After the user device 32 accepts the user operation (such as a light-on operation) via the graphical user interface, a control signal corresponding to the user operation (such as the first light fan control signal) can be generated and transmitted to the smart device. Type control module 1. Then, the smart control module 1 transmits the first lamp control signal to the lamp control module 20 to control the lighting device 22 of the lamp and/or the fan device 24 (if the lighting device 22 is turned on) ).

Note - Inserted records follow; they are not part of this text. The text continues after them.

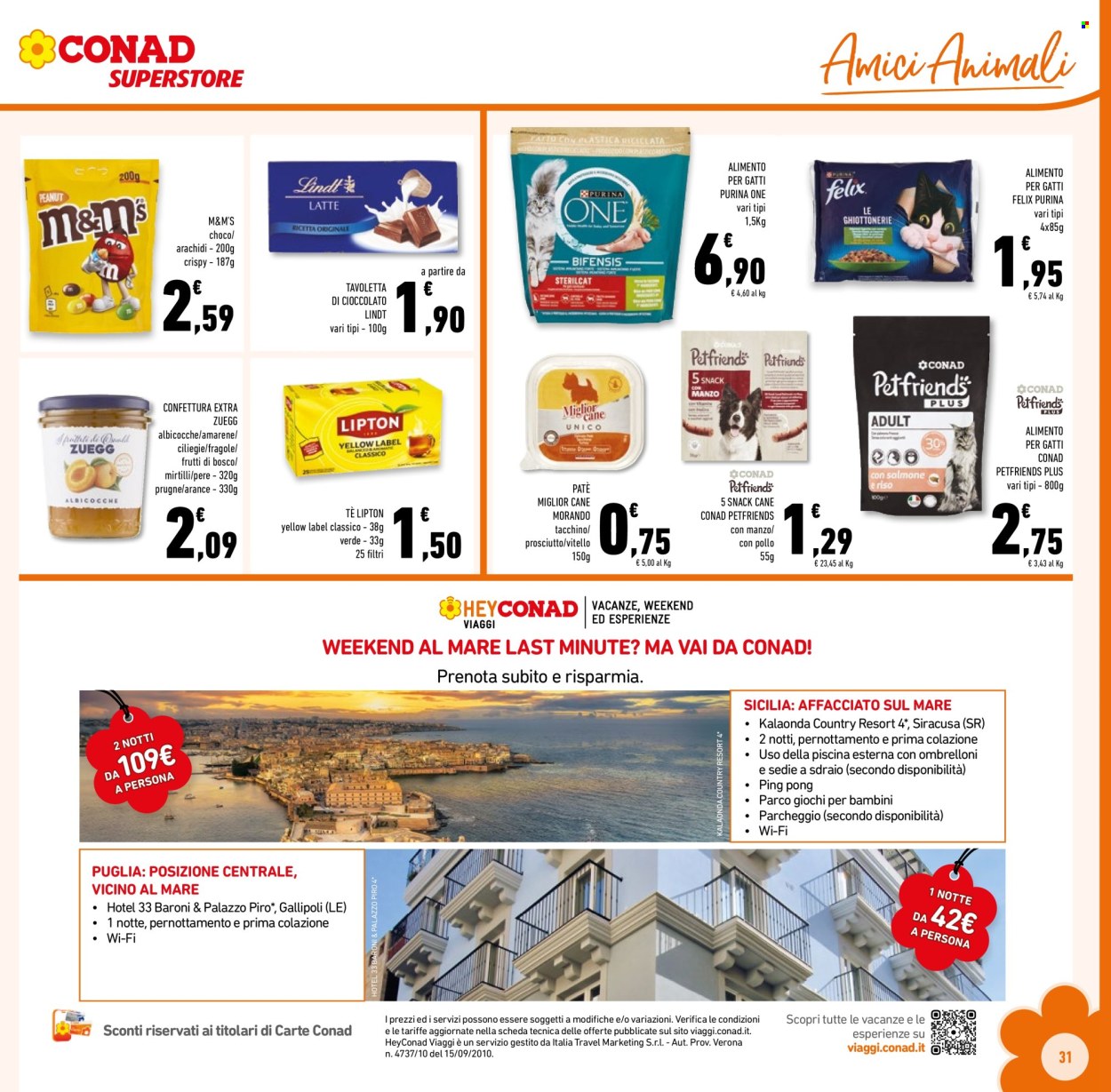 Volantino Conad Superstore - 9/9/2026 - 22/9/2026. Pagina 31
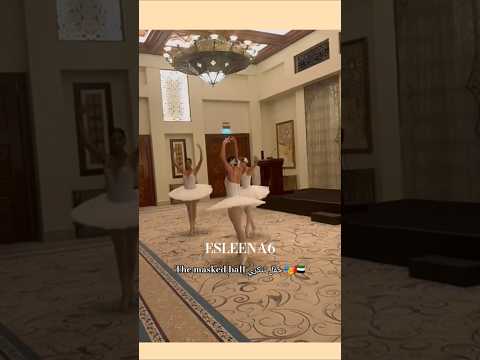     حفل تنكري لارقى سيدات مجتمع دبي قسمة ونصيب   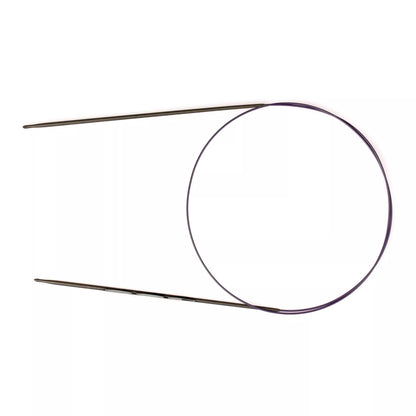 Circular knitting needle prym.ergonomics, Carbon Technology, 60cm, 2.5mm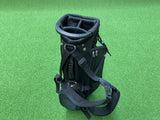Black Fabric 4-6Yr Olds 4-Way Stand Bag *No Raincover* *Like New*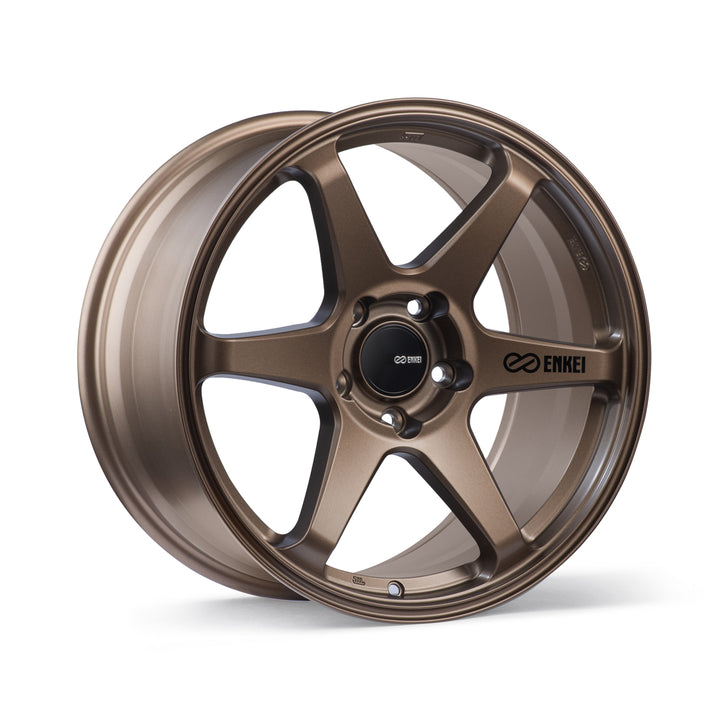 Enkei T6R 18x8.5 +38 5x114.3 72.6CB - Matte Bronze
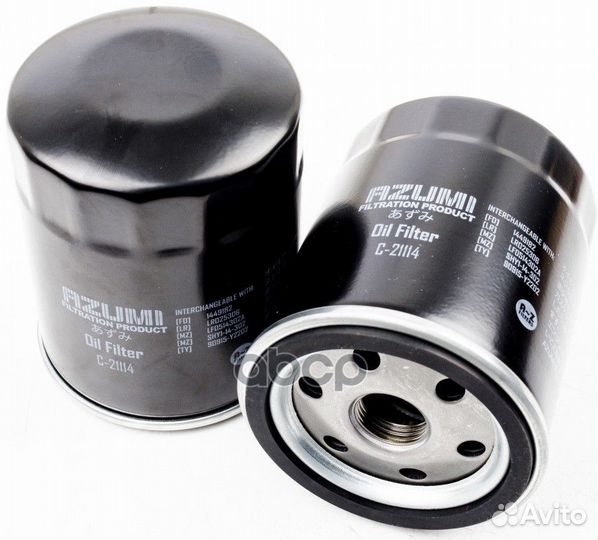 Фильтр масляный Ford/Mazda/Azumi/ C21114 azumi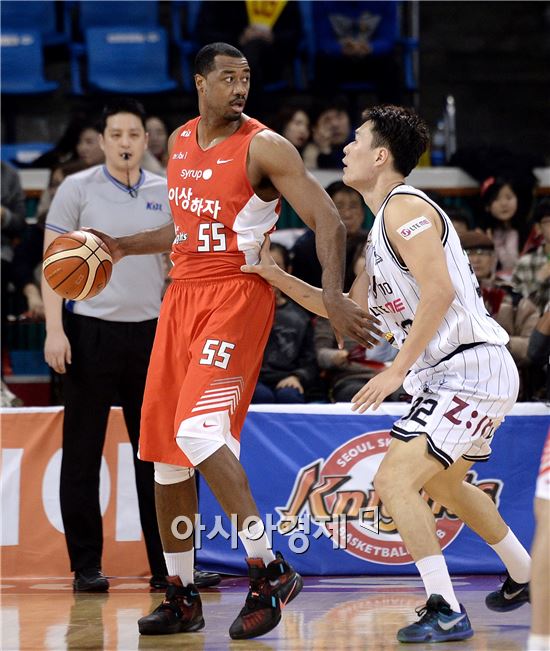 [포토]사이먼, '마치 조던처럼'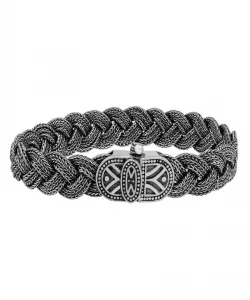 Supertrend ​gümüş Elişi Örgü Bileklik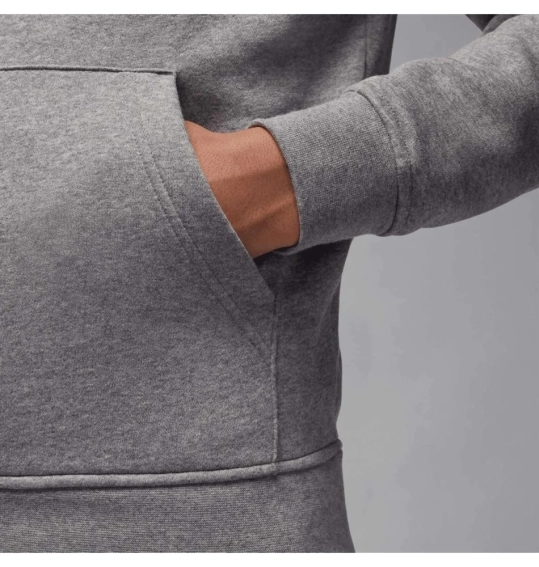 Кофта унісекс Jordan Brooklyn Fleece Carbon (FV7281-091) фото 7 — інтернет-магазин Tapok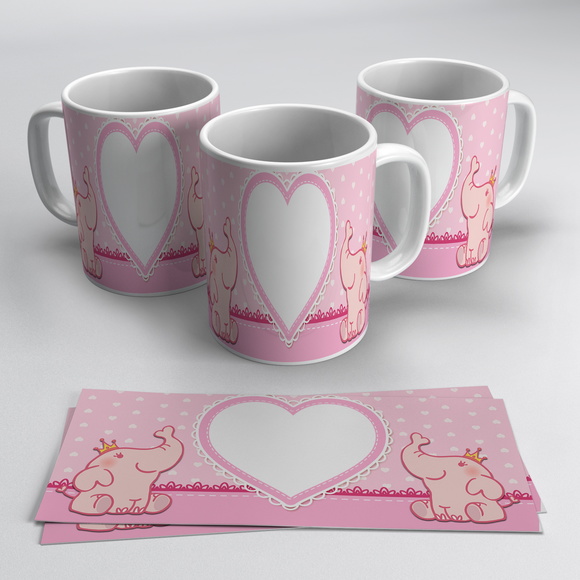 Caneca Personalizada com foto Minha Bebê
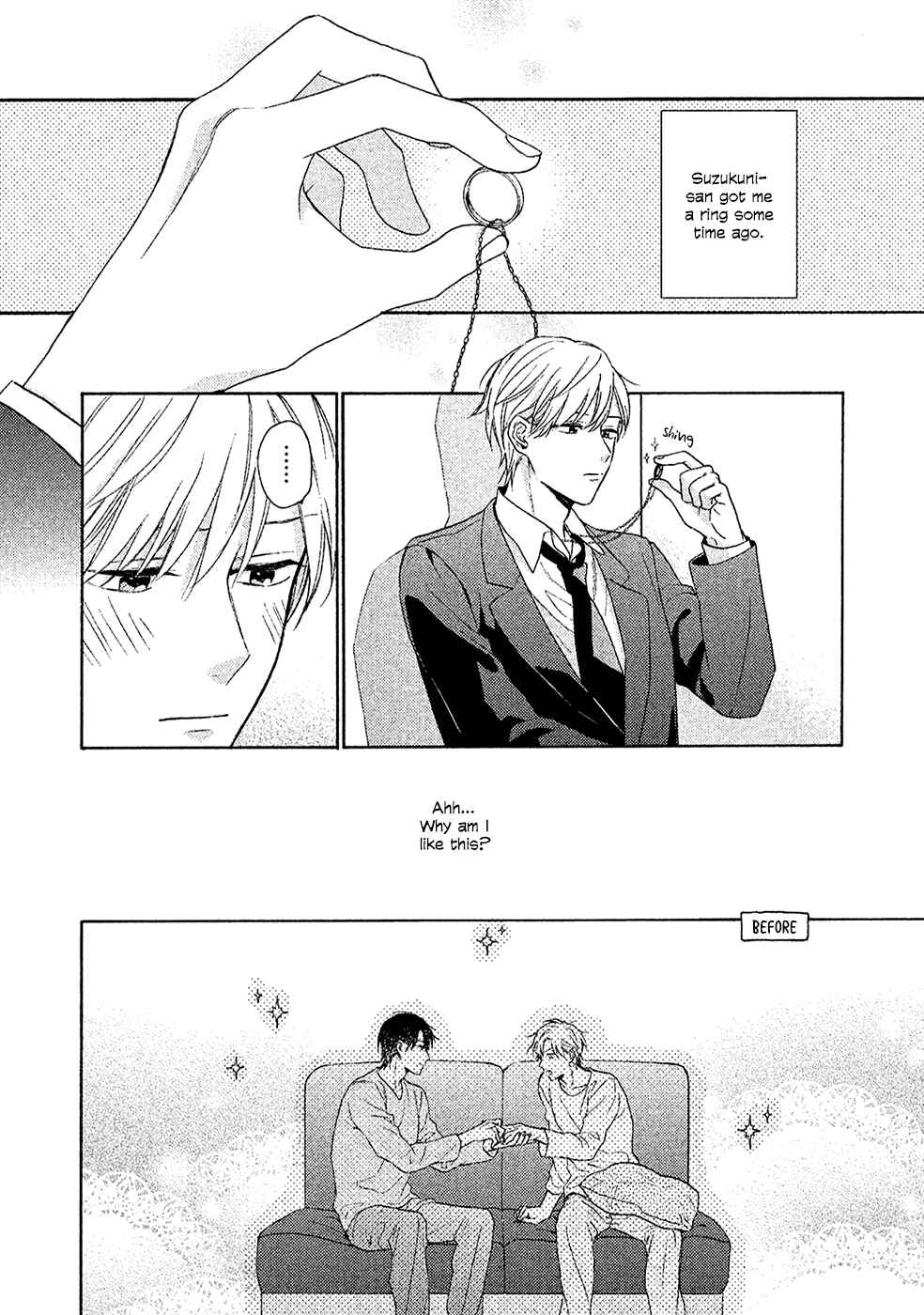 Page 4 Chapter 4 Anta Nante Daikirai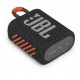 JBL Go 3 (Bluetooth Speaker) Black/Orange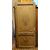 PTL549 - Liberty style lacquered wooden door with floral decorations, dimensions cm W 106 x H 248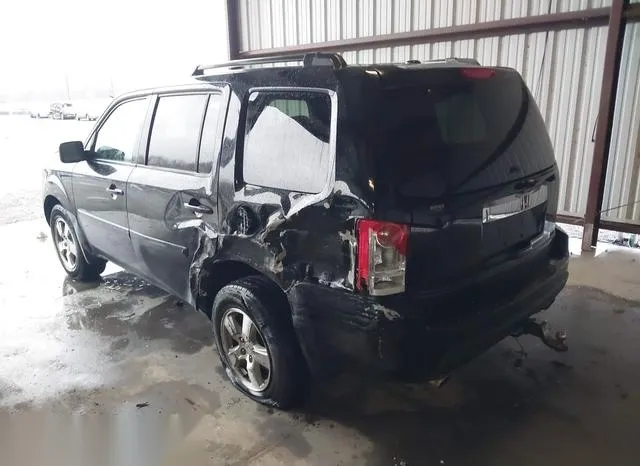 5FNYF48589B007706 2009 2009 Honda Pilot- Ex-L 3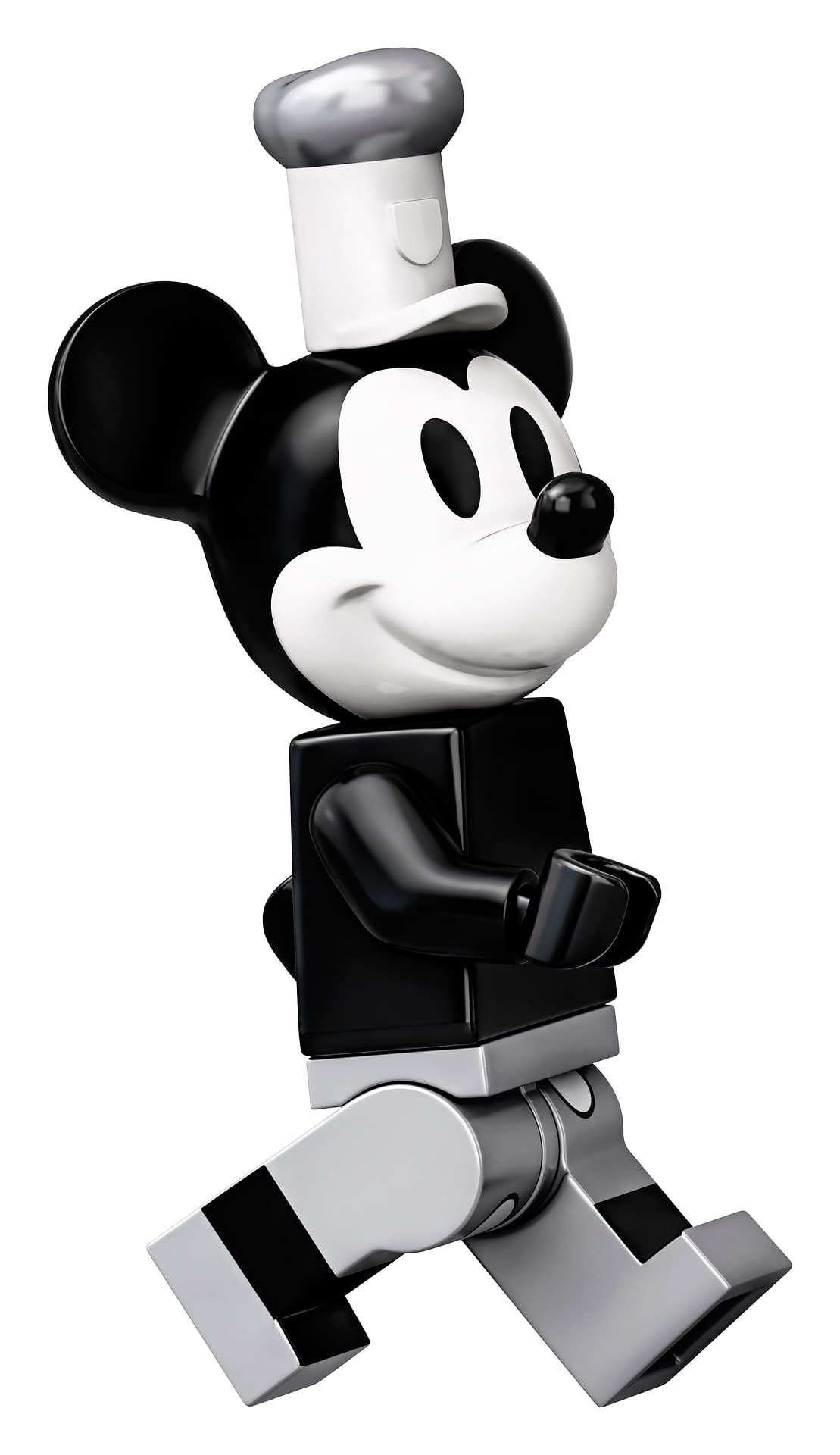 LEGO Ideas Steamboat Willie Mickey and Minnie Mouse Set 15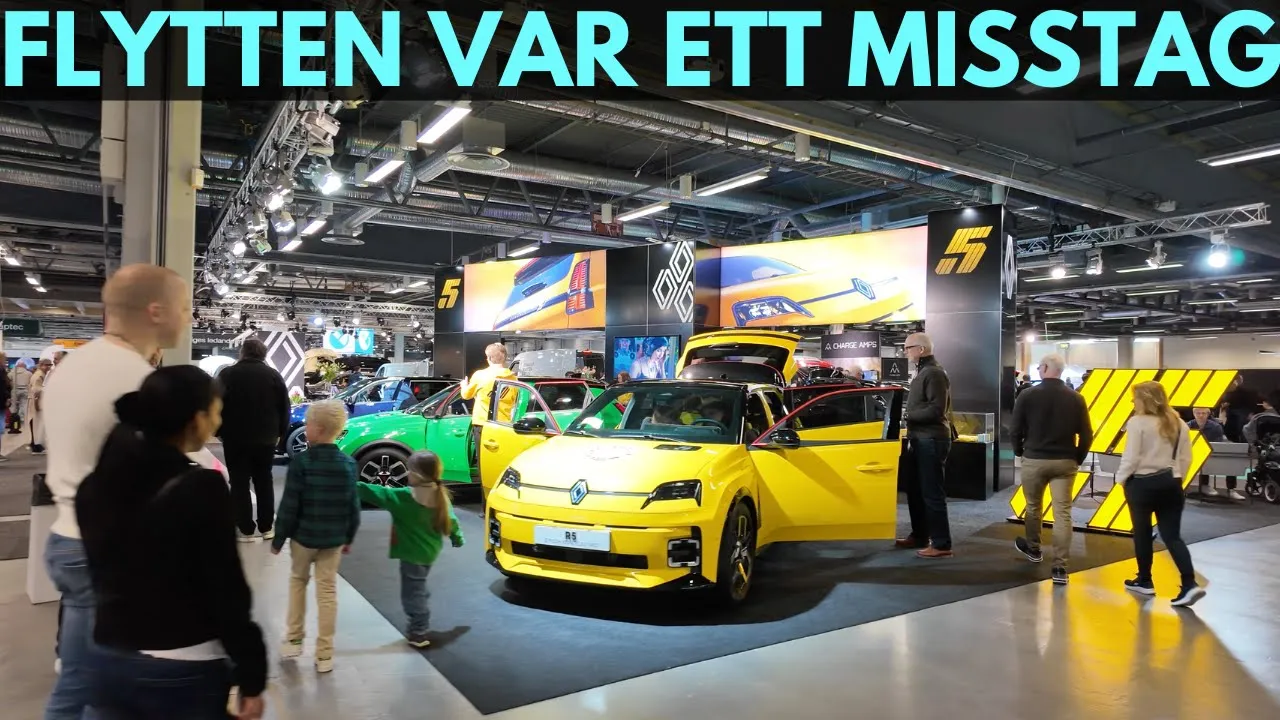 eCarExpo 2025 rundtur - Det var bättre förr | Elbilsmagasinet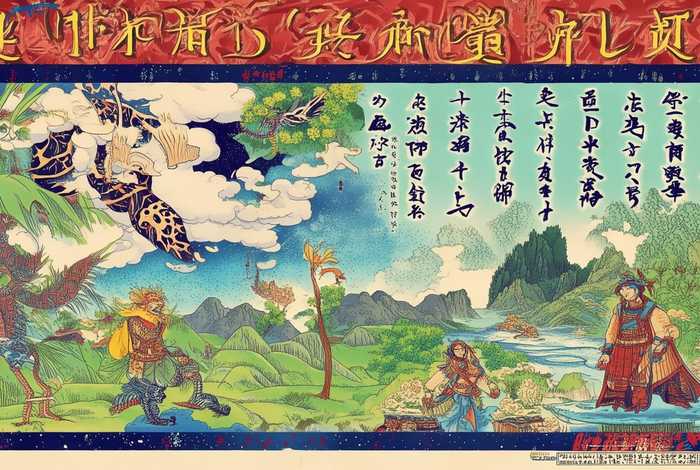 中国历史的神话传说的故事手抄报、中国历史的神话传说的故事手抄报内容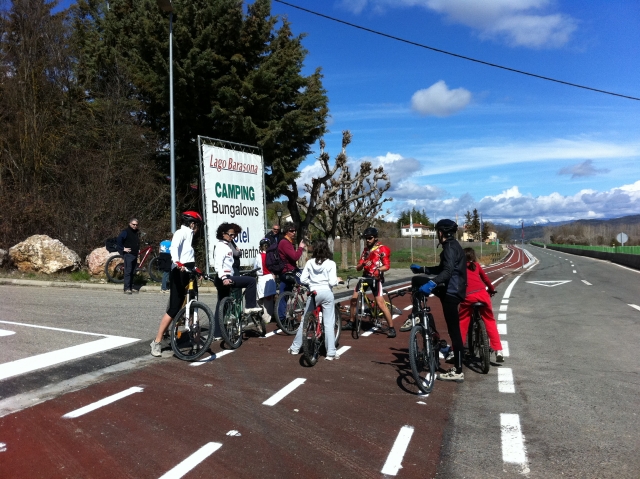  Pista ciclabile 
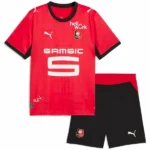 Stade Rennais Ensemble 2026 2027 Rouge - Stade Rennais Pas Cher | maillotdefootpersonnalise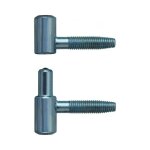 Fiche  visser pour imposte monin - indgondable - acier zingu blanc - 40x13 mm - 6340 - 651550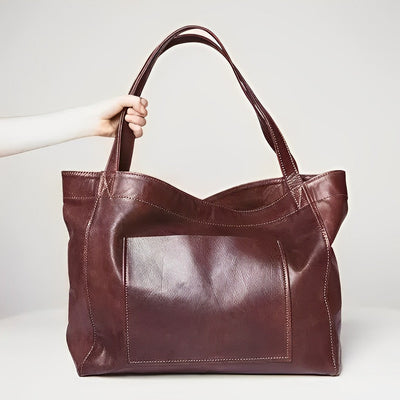 Amelia™ - Vintage Leather Shoulder Bag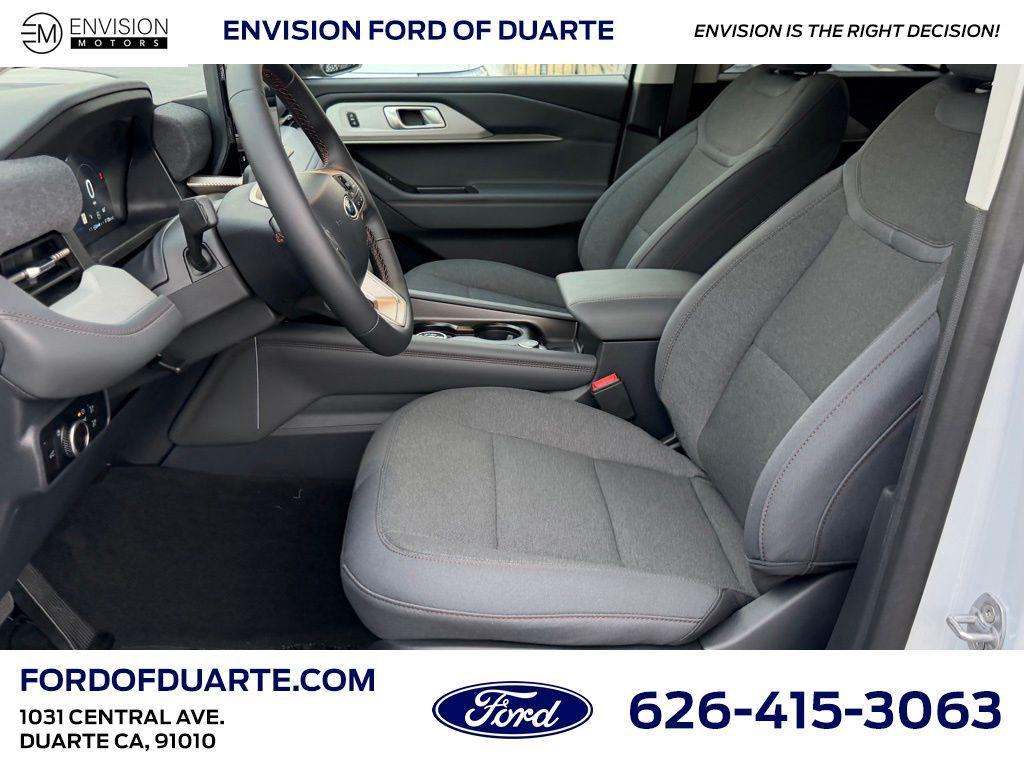 new 2026 Ford Explorer car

Referring to FIG. 4, FIG. 4 is a structural diagram of a smart lamp remote controller according to a first embodiment of the present invention. As shown in FIG. 4, in the embodiment, the smart lamp remote controller 4 includes the smart control module 1 and the human machine interface 40. The smart control module 1 is electrically connected to the human interface 40, and is wirelessly connected to the second transmission module 200 of the lamp control module 20 of the lamp 2' via the first transmission module 10. The smart control module 1 is the same as the smart control module 1 shown in FIG. This will not be repeated here.

It is worth mentioning that the lamp fan 2' can be a general lamp fan that does not have automatic control capability (ie, does not have the smart control module 1), and the smart lamp fan remote controller 4 can pass the smart type. The first transmission module 10 of the control module 1 transmits a wireless control signal compatible with a general light fan to the light fan 2' to enable the light fan 2' to achieve automatic control.

Specifically, in the present embodiment, the smart control module 1 is installed in the smart card remote controller 4 in place of the original remote controller of the lamp 2'. Moreover, the smart card remote controller 4 transmits various control signals (such as the first lamp control signal, the second lamp control signal, the third lamp control signal, and the fourth lamp control signal). Or the fifth lamp control signal is transmitted to the light fan 2', and the foregoing functions (such as the timing control function, the pre-start function, the learning function, the statistical function or the cloud backup function) can be implemented.

Therefore, the user only needs to purchase the smart lamp remote controller 4, so that the lamp 2' can be equipped with the function of the smart lamp, and the cost of replacing the lamp 2' can be effectively saved.

Referring to FIG. 5, FIG. 5 is a schematic diagram of the use of the smart lamp remote controller according to the first embodiment of the present invention to illustrate a usage scenario of the smart card remote controller 4 shown in FIG.

As shown in FIG. 5, the smart type control module 1 is internally provided with the smart control module 1 and the human-machine interface 40 is disposed on the surface. In the embodiment, the human-machine interface 40 is a button and a display. ).

The user can input the user operation (eg, the light-on operation) by operating the button (ie, the human-machine interface 40). After receiving the user operation, the smart control module 1 can generate a control signal (such as the first light fan control signal) corresponding to the user operation, and wirelessly transmit the control signal to the control signal. The lamp control module 20 of the lamp 2' is configured to control the lighting device 22 or the fan device 24 of the lamp 2' (if the lighting device 22 is turned on).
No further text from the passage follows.